Representative Bennie Thompson, Democrat of Mississippi and the committee chairman, has previously said that the committee ruled out a subpoena for Mr. Pence, citing the “significant information” it had received from two of his aides, Marc Short and Greg Jacob, both of whom sat for depositions. Mr. Jacob also testified live during one of the panel’s hearings in June, calling a plan by the lawyer John Eastman to have Mr. Pence single-handedly throw the election to Mr. Trump during a joint session of Congress on Jan. 6, 2021, “certifiably crazy.”
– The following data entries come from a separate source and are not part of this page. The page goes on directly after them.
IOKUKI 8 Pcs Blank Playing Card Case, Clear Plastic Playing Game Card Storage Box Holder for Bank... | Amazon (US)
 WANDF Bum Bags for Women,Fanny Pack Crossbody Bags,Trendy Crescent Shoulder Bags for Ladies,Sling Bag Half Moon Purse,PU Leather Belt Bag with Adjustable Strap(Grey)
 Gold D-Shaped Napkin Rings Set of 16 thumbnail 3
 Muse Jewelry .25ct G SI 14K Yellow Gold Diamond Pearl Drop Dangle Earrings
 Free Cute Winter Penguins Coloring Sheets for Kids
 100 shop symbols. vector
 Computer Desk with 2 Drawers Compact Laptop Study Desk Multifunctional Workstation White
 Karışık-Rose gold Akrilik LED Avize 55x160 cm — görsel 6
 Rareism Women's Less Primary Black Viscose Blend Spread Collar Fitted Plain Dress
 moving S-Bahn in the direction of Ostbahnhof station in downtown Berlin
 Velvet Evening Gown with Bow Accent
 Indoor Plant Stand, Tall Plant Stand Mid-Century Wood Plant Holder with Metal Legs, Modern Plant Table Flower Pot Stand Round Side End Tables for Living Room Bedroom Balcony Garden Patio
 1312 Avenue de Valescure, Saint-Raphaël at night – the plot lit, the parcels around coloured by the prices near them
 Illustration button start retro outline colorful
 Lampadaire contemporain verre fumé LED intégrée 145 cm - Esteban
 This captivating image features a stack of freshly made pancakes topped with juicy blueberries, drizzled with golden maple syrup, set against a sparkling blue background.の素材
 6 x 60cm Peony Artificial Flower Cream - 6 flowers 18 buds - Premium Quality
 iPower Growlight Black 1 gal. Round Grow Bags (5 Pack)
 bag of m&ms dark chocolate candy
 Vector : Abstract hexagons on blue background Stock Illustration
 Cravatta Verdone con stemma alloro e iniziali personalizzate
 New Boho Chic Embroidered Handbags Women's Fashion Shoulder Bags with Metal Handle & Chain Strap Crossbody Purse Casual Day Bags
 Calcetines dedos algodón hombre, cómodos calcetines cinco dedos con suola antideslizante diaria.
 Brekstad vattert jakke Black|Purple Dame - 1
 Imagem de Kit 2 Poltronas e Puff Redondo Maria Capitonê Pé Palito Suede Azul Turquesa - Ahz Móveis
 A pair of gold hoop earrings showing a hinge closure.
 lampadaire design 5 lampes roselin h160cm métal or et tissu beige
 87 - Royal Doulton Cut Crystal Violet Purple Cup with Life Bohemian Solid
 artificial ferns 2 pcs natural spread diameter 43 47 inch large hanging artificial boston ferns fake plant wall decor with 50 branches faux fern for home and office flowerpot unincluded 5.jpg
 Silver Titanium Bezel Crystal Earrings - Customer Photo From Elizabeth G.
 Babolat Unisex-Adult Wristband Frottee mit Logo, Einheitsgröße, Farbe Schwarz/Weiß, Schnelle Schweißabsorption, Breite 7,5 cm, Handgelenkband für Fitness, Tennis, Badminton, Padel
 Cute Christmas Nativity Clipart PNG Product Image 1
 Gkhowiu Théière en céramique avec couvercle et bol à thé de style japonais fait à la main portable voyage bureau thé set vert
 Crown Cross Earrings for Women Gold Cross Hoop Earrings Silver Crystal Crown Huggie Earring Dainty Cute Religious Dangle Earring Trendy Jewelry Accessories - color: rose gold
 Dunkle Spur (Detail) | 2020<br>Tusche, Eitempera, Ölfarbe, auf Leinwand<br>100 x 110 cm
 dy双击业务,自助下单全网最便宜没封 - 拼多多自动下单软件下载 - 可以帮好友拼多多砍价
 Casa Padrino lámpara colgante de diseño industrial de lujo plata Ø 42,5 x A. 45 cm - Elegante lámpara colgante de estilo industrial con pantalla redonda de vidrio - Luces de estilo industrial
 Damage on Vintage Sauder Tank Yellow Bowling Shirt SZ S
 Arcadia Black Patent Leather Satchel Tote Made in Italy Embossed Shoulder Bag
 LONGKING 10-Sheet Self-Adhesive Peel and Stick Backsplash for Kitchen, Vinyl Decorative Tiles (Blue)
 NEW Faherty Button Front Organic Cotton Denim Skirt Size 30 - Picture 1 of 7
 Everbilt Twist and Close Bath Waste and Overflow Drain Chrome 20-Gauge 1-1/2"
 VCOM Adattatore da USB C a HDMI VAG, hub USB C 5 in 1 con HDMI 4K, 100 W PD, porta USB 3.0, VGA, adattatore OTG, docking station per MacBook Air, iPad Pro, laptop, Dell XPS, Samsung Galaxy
Beyond speaking to the House committee, Mr. Short and Mr. Jacob have both appeared before a federal grand jury in Washington that is hearing testimony in the Justice Department’s parallel inquiry into Jan. 6. The men were present in the Oval Office for a meeting on Jan. 4, 2021, at which Mr. Trump had Mr. Eastman try to persuade Mr. Pence that he could delay or block congressional certification of Mr. Trump’s Electoral College defeat.
While it remains unclear whether Mr. Pence will speak to the committee, if he does he could presumably give the panel a fuller picture of the effort by Mr. Trump and Mr. Eastman to strong-arm him into disrupting the traditional democratic process.
A spokesman for the panel declined to comment Wednesday on Mr. Pence’s latest statements.
Another potentially high-profile witness, Virginia Thomas, the wife of Supreme Court Justice Clarence Thomas and a supporter of Mr. Trump’s efforts to stay in power after the 2020 election, is still on the committee’s list of witnesses to call, even though she has rebuffed attempts to interview her.